İttihat Teraki kadrolarında ağırlıklı olarak Fransızların ve ingilizlerin ideolojileri hakimdir. bunun yerine Prens Sabahttin'in görüşleri hakim olsaydı, İmparatorluk, Cumhuriyete çevrildiğinde bu kadar küçülmüş olmayacaktı. Bu ülkede milliyetçi geçinen ama zerre kadar tarih bilgileri olmayan ve seksen sene öncesine gözleri kapalı yüzlerce kişi var. Bilerek ya da bilmeyerek bu güne ve bundan sonra şekillenecek yönetimlere müthiş zarar verecekleri aşikar. BÜYÜK COĞRAFYALARIN ULUS DEVLET MODELİ İLE YÖNETİLMEYECEĞİ AŞİKARDIR. Tüm Dünya Prens Sabahattin'in ADEMİ MERKEZİYETÇİ modeline dönüyor. Bunu savunuyor.

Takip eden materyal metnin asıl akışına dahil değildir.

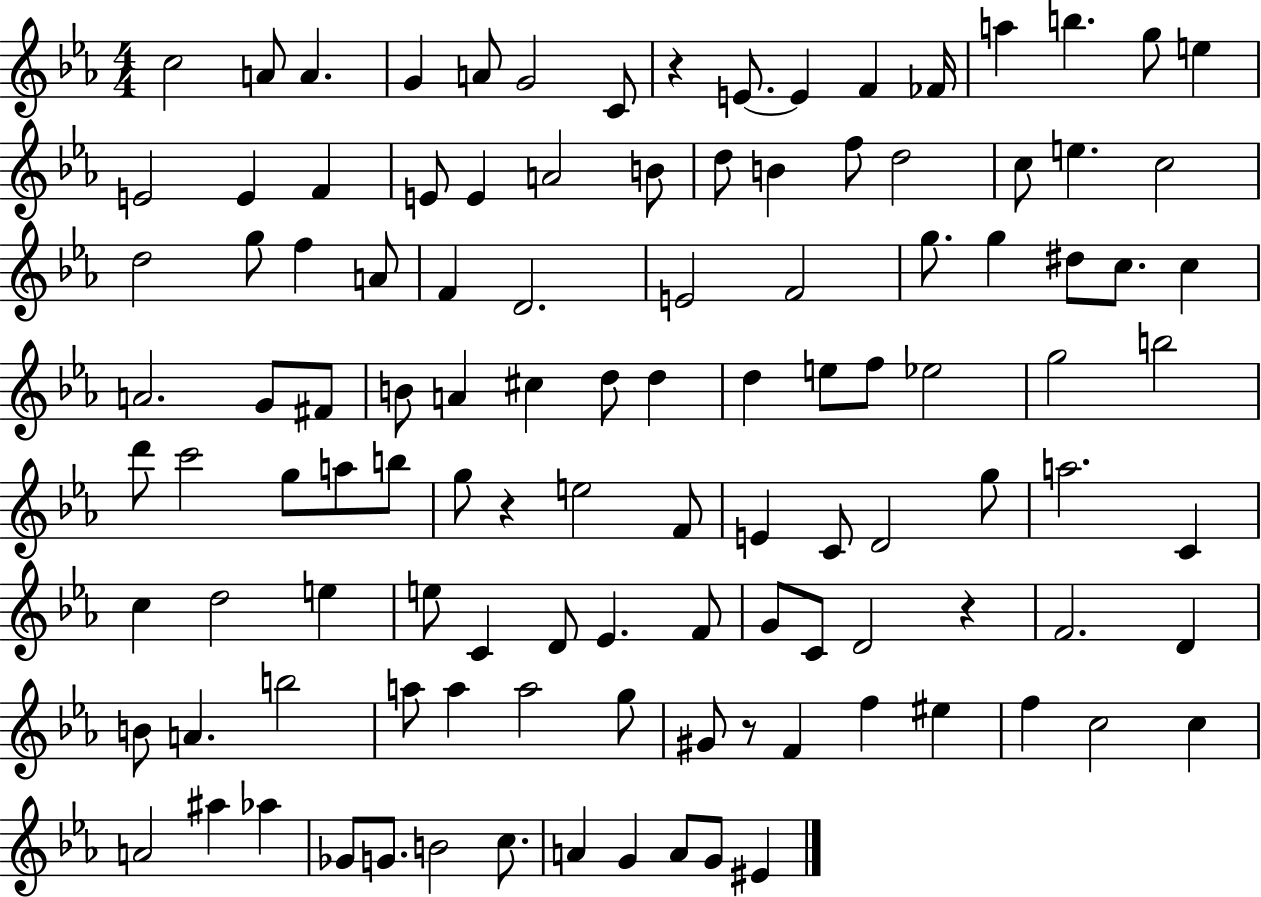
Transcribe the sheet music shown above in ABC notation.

X:1
T:Untitled
M:4/4
L:1/4
K:Eb
c2 A/2 A G A/2 G2 C/2 z E/2 E F _F/4 a b g/2 e E2 E F E/2 E A2 B/2 d/2 B f/2 d2 c/2 e c2 d2 g/2 f A/2 F D2 E2 F2 g/2 g ^d/2 c/2 c A2 G/2 ^F/2 B/2 A ^c d/2 d d e/2 f/2 _e2 g2 b2 d'/2 c'2 g/2 a/2 b/2 g/2 z e2 F/2 E C/2 D2 g/2 a2 C c d2 e e/2 C D/2 _E F/2 G/2 C/2 D2 z F2 D B/2 A b2 a/2 a a2 g/2 ^G/2 z/2 F f ^e f c2 c A2 ^a _a _G/2 G/2 B2 c/2 A G A/2 G/2 ^E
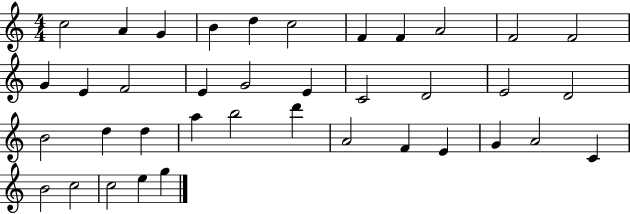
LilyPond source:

{
  \clef treble
  \numericTimeSignature
  \time 4/4
  \key c \major
  c''2 a'4 g'4 | b'4 d''4 c''2 | f'4 f'4 a'2 | f'2 f'2 | \break g'4 e'4 f'2 | e'4 g'2 e'4 | c'2 d'2 | e'2 d'2 | \break b'2 d''4 d''4 | a''4 b''2 d'''4 | a'2 f'4 e'4 | g'4 a'2 c'4 | \break b'2 c''2 | c''2 e''4 g''4 | \bar "|."
}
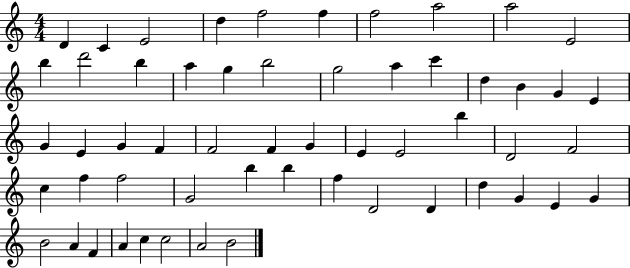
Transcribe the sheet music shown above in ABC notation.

X:1
T:Untitled
M:4/4
L:1/4
K:C
D C E2 d f2 f f2 a2 a2 E2 b d'2 b a g b2 g2 a c' d B G E G E G F F2 F G E E2 b D2 F2 c f f2 G2 b b f D2 D d G E G B2 A F A c c2 A2 B2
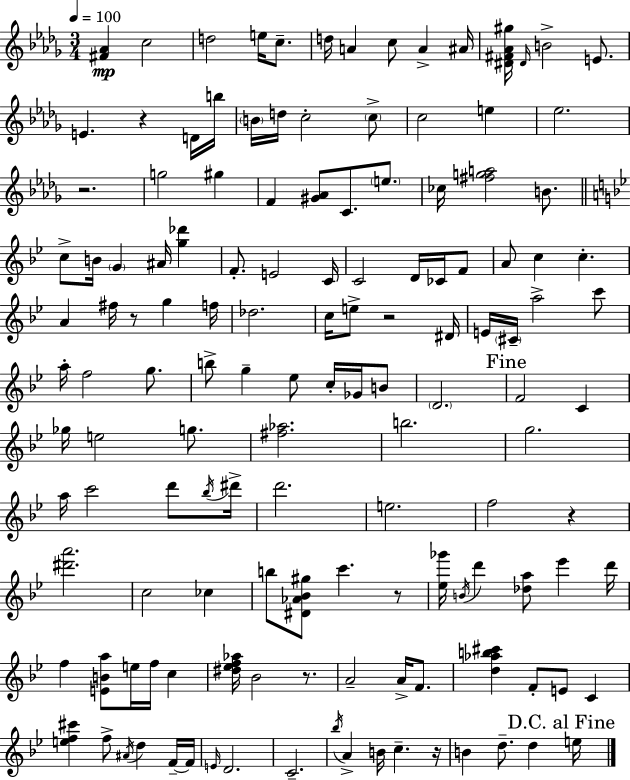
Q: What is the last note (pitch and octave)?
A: E5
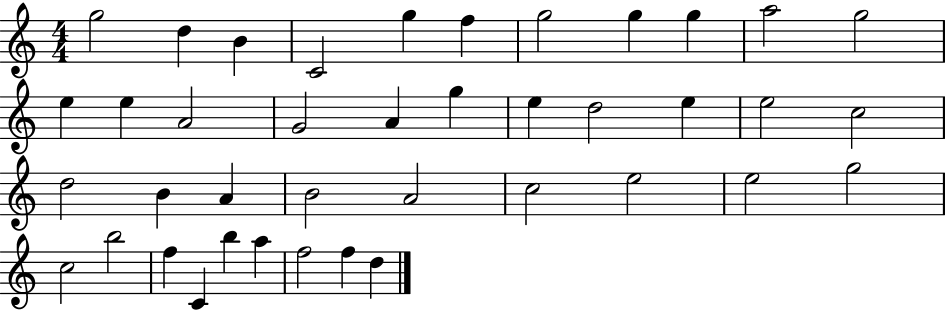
{
  \clef treble
  \numericTimeSignature
  \time 4/4
  \key c \major
  g''2 d''4 b'4 | c'2 g''4 f''4 | g''2 g''4 g''4 | a''2 g''2 | \break e''4 e''4 a'2 | g'2 a'4 g''4 | e''4 d''2 e''4 | e''2 c''2 | \break d''2 b'4 a'4 | b'2 a'2 | c''2 e''2 | e''2 g''2 | \break c''2 b''2 | f''4 c'4 b''4 a''4 | f''2 f''4 d''4 | \bar "|."
}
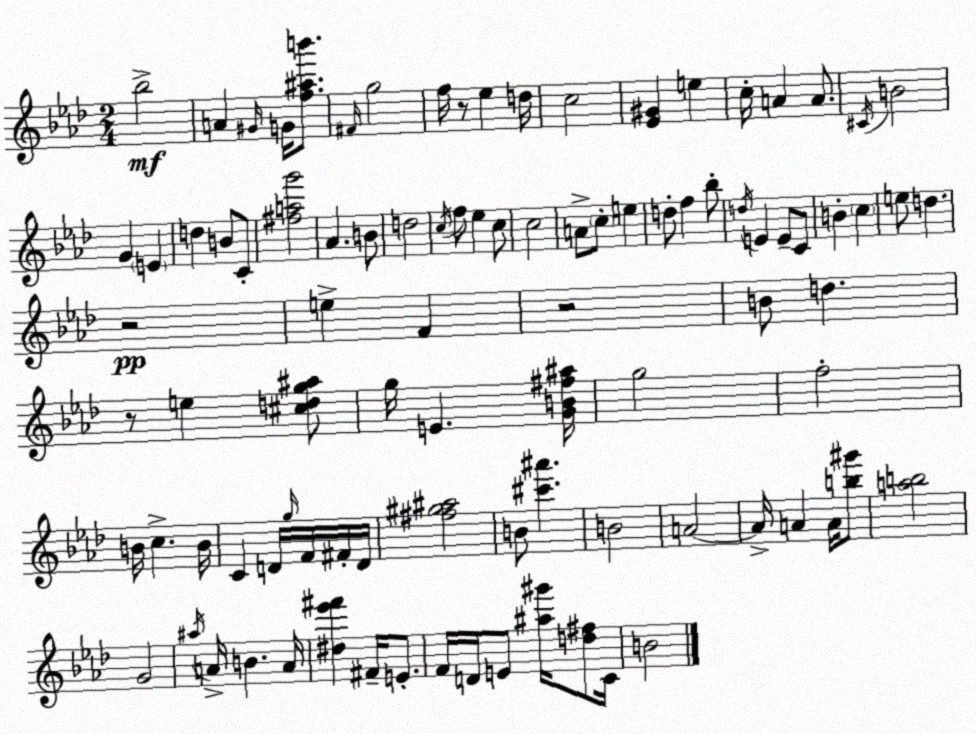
X:1
T:Untitled
M:2/4
L:1/4
K:Fm
_b2 A ^G/4 G/4 [f^ab']/2 ^F/4 g2 f/4 z/2 _e d/4 c2 [_E^G] e c/4 A A/2 ^C/4 B2 G E d B/2 C/2 [^fag']2 _A B/2 d2 c/4 f/2 _e c/2 c2 A/2 c/2 e d/2 f _b/2 d/4 E E/2 C/2 B c e/2 d z2 e F z2 B/2 d z/2 e [^cdg^a]/2 g/4 E [GB^f^a]/4 g2 f2 B/4 c B/4 C D/4 g/4 F/4 ^F/4 D/4 [^f^g^a]2 B/2 [^c'^a'] B2 A2 A/4 A A/4 [b^g']/2 [ab]2 G2 ^a/4 A/4 B A/4 [^d_e'^f'] ^F/4 E/2 F/4 D/4 E/2 [^a^g']/4 [d^f]/2 C/4 B2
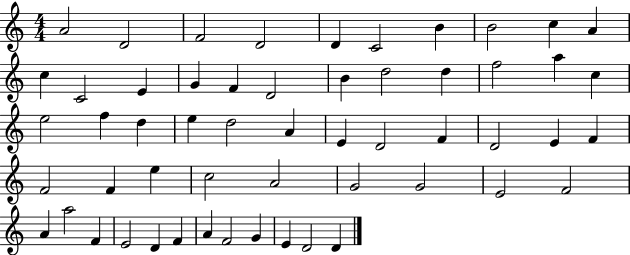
X:1
T:Untitled
M:4/4
L:1/4
K:C
A2 D2 F2 D2 D C2 B B2 c A c C2 E G F D2 B d2 d f2 a c e2 f d e d2 A E D2 F D2 E F F2 F e c2 A2 G2 G2 E2 F2 A a2 F E2 D F A F2 G E D2 D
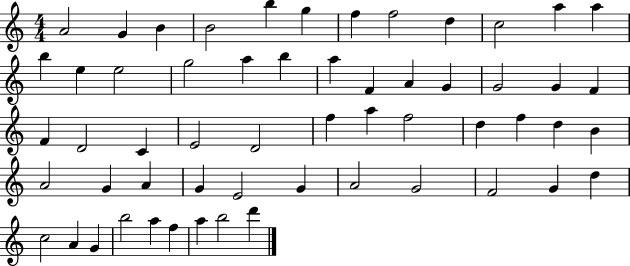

Prens Sabahattin birikimli bir sosyologdur ve saray kökenlidir. Ulus Devlet modeline geçildiğinde ülkenin parçalanacağını görmüştür. Netekim, 1920 lerde Fransız denetimine giren Suriye, İngilizlerin denetimine giren Irak'a sömürge devletler kurulmuş, yıllarca Osmanlıya bağlı olarak yaşayan bu eyaletler, kuruldukları günden beri devlet olarak bocalayıp durmuşlardır. Bu gün hala bu bocalama süregelmektedir.Saygılarımla.K. Mükremin BARUT
"T.C. Devleti’nin bütün anayasalarında “üniter ulus devleti” değişmez, değiştirilemez, değiştirilmesi teklif dahi edilemez bir hükümdür." Bu ibare Allahın kelamı mıdır?
Devlet kavramı insanların huzur içinde yaşaması için icad edilmiş bir yapıdır. Anayasa ise insanların mutluluğu içindir. Devlet denilen aygıtın, hele ki insan odaklı değilse, korunması, yaşatılması anayasa ile güvence altına almış olmak neye ve kime hizmet eder? Zavallı AKP esiyor, gürlüyor ama DARBE ANAYASASININ bir türlü değiştiremiyor. Belki de işine öyle geliyor.
Soruna şöyle bakmak gerekir. Yüzölçümü 783 562 km² olan, geniş ve bir o kadar da şanslı bir coğrafyada yaşıyoruz. Ama malesef kötü yönetiliyor. Kötü yönetilmesini bu güne has bir olay olarak ele almamak lazım. Bu; seksen yıldır süregelen bir vaka. Böyle bir coğrafyanın eyalet sistemiyle yönetilmesi şart. Özerklik ya da Eyalet Sistemi önerisine, bölünme paranoyası ile bakmamak lazım. Azıcık aklı olan bunlara fikir gözüyle bakmasını bilir ve karşı argümanını geliştirir.
Sayın yazar ve onun elma ve armudu karıştıran gönüllü tetikçileri seksen yıllık ezber dışında tek bir cümle etmiyorlar. Etmeleri de mümkün değil. Biri seksen yıllık JAKOBEN* ideolojiyi temsil ediyor. Diğerleri ise orta ikinci sınıf yurttaşlık dersindeki ezberde kalmışlar.
Türkiye demokratik özerkliği görecek. Buna direnenler ya da buna askeri yöntemlerle çözüm arayanlar fena halde yanıldıklarını görecekler.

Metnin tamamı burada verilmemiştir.